START Dataset

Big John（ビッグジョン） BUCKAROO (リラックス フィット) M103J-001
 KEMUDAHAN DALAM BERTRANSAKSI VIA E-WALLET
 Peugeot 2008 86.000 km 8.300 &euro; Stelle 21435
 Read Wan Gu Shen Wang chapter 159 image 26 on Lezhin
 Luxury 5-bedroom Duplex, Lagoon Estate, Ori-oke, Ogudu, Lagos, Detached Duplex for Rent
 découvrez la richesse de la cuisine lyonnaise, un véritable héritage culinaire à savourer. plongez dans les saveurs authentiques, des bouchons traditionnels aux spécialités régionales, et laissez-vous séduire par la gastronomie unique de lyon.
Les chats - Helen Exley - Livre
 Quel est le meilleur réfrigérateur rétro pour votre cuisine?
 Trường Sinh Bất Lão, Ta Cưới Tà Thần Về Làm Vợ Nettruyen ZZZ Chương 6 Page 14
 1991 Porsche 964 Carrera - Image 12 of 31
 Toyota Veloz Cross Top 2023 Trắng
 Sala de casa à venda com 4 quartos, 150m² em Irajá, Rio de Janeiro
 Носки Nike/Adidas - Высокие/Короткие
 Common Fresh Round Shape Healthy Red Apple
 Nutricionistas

END Dataset

[Requirement] Your answer should be the number of lines in the records that contain the word "cuisine", with nothing added.

[Response below] 2